| Input data |
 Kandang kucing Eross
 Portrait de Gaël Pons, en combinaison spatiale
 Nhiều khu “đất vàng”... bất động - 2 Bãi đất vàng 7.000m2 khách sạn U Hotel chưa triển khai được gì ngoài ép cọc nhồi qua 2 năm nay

| The problem |
Set down the entire listing once more, keeping every line exactly as it reads.

| Result of the task |
 Kandang kucing Eross
 Portrait de Gaël Pons, en combinaison spatiale
 Nhiều khu “đất vàng”... bất động - 2 Bãi đất vàng 7.000m2 khách sạn U Hotel chưa triển khai được gì ngoài ép cọc nhồi qua 2 năm nay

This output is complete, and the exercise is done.